Two of the world's largest financial regulators just admitted they'd rather not write competing rulebooks. On Tuesday, the US Treasury and HM Treasury published a ten-point roadmap built by the Transatlantic Taskforce for Markets of the Future, a group set up specifically to keep American and British rules on tokenized finance from drifting apart.
The SEC and CFTC represent the US side; the FCA and the Bank of England speak for Britain. Together they plan to work out shared approaches to settling tokenized securities, launch an industry-led group to test cross-border tokenization pilots, and figure out whether stablecoins or tokenized money-market funds could serve as collateral in mainstream financial markets.
One rule both sides insisted on spelling out: payment stablecoins must be backed one-to-one by cash and high-quality liquid assets, no exceptions. Treasury Secretary Scott Bessent framed the document as proof of "the strength of the U.S. and U.K. financial markets and their shared commitment to supporting economic growth, innovation and competition."

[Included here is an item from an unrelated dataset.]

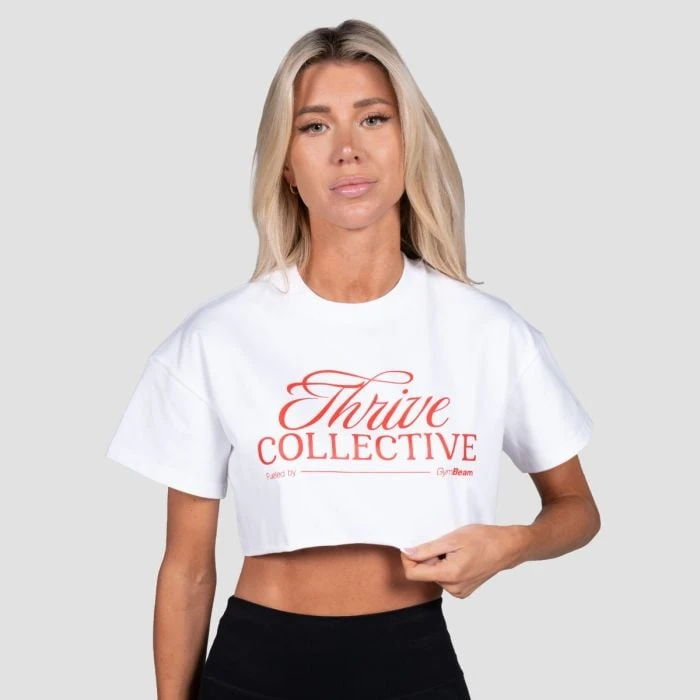 GymBeam Dámske cropped tričko Thrive White  S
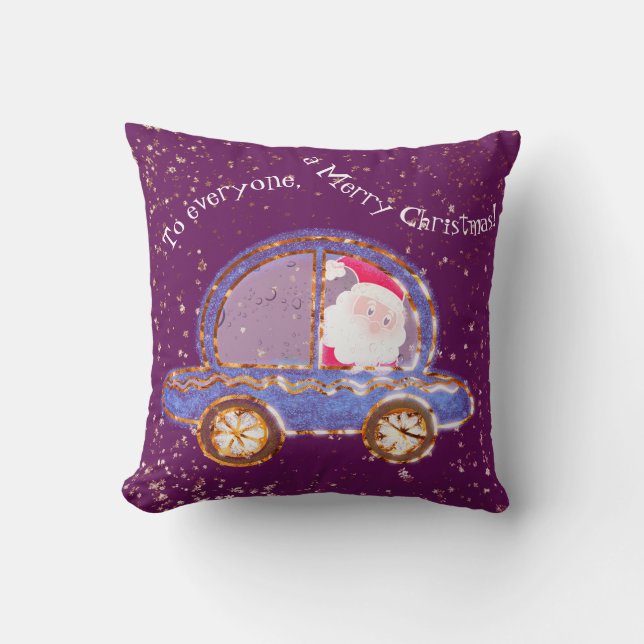 Santa in his car at Christmas Cushion (Front)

The roadmap itself creates no new binding law — it's a list of things both governments agreed to move on together rather than separately. The UK has already put a number on the stakes: a government-backed task force estimates tokenization could add $44 billion a year to British output by 2035 if the country secures a leading position in the field. London says it plans to issue tokenized government bonds as early as the first quarter of 2027.